● **YOUR OBJECTIVE**
Beginning at the line with "MERCEDES BENZ GLB 2025", output each line to the end of the listing below exactly, please.

● **DATA FOR THIS TASK**
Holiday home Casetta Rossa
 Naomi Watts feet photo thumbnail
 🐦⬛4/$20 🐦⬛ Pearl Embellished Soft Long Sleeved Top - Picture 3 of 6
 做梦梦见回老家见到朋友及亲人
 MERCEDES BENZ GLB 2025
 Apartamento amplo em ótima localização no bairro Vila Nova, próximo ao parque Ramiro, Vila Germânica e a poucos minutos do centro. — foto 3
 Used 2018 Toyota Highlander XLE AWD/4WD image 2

● **TASK RESPONSE**
 MERCEDES BENZ GLB 2025
 Apartamento amplo em ótima localização no bairro Vila Nova, próximo ao parque Ramiro, Vila Germânica e a poucos minutos do centro. — foto 3
 Used 2018 Toyota Highlander XLE AWD/4WD image 2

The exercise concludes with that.